A common assumption about old age mortality is that a *Gompertz* distribution fits well.

So we go back to the full data situation and fit a Gompertz AFT model. The *survreg* function does not include the Gompertz distribution, but the *aftreg* function in the package **eha** (Broström 2017) does.

```
Call:
aftreg(formula = Surv(exit, event) ~ sex + region, data = ols,
dist = "gompertz", param = "lifeExp")
Covariate W.mean Coef Life-Expn se(Coef) Wald p
sex
male 0.460 0 1 (reference)
female 0.540 -0.014 0.986 0.015 0.347
region
ske 0.697 0 1 (reference)
ume 0.303 -0.059 0.942 0.017 0.000
Baseline parameters:
log(scale) 2.617 0.026 0.000
log(shape) -1.224 0.057 0.000
Baseline life expectancy: 16.9
Events 3350
Total time at risk 58983
Max. log. likelihood -12246
LR test statistic 13.8
Degrees of freedom 2
Overall p-value 0.000986637
```

So the *e60* for Skellefteå men is 16.95 years, and for the women we get
16.71 years, a difference of -0.24 years, that is, *men* are better off. This difference is *not* statistically significant.

Yes, as long as condition on survival past the mode of the survival distribution, according to Kannisto (1996). So what is the mode in the life distribution in our data?

Well, it is closer to 80 than to 60, so the normal distribution assumption may be in doubt. We can compare the baseline (men in Skellefteå) distributions from the OLS fit and nonparametric estimation.

Looks quite ok, even though the OLS curve heavily overestimates the ages above 90. No simple parametric model will catch the heavy slow-down of the mortality increase in the high ages.

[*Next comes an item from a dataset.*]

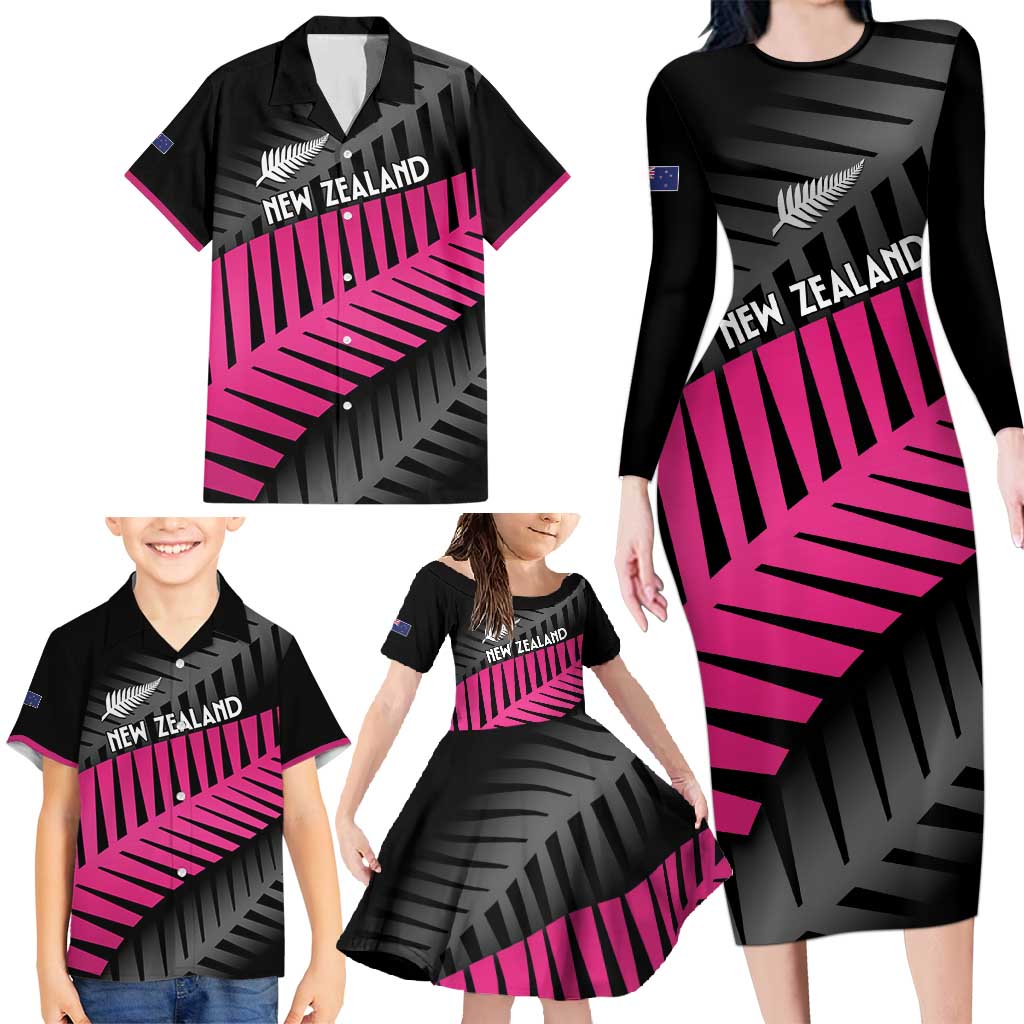 New Zealand Silver Fern Rugby Custom Family Matching Long Sleeve Bodycon Dress and Hawaiian Shirt 2025 All Black Go Champions - Aussie Hoodie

Maybe the PH model fits better than the AFT? Compare max log likelihoods.

```
Call:
phreg(formula = Surv(exit, event) ~ sex + region, data = ols,
dist = "gompertz")
Covariate W.mean Coef Exp(Coef) se(Coef) Wald p
sex
male 0.460 0 1 (reference)
female 0.540 -0.036 0.964 0.035 0.296
region
ske 0.697 0 1 (reference)
ume 0.303 0.142 1.153 0.037 0.000
log(scale) 2.594 0.025 0.000
log(shape) -1.244 0.059 0.000
Events 3350
Total time at risk 58983
Max. log. likelihood -12246
LR test statistic 15.01
Degrees of freedom 2
Overall p-value 0.000551037
```

No, the difference is very small: 0.582 in favor of the PH model. Not much to argue about.

These are the mortality patterns for the four groups we are contemplating. Worth noting is that male mortality above age 90 is so low (compared to women).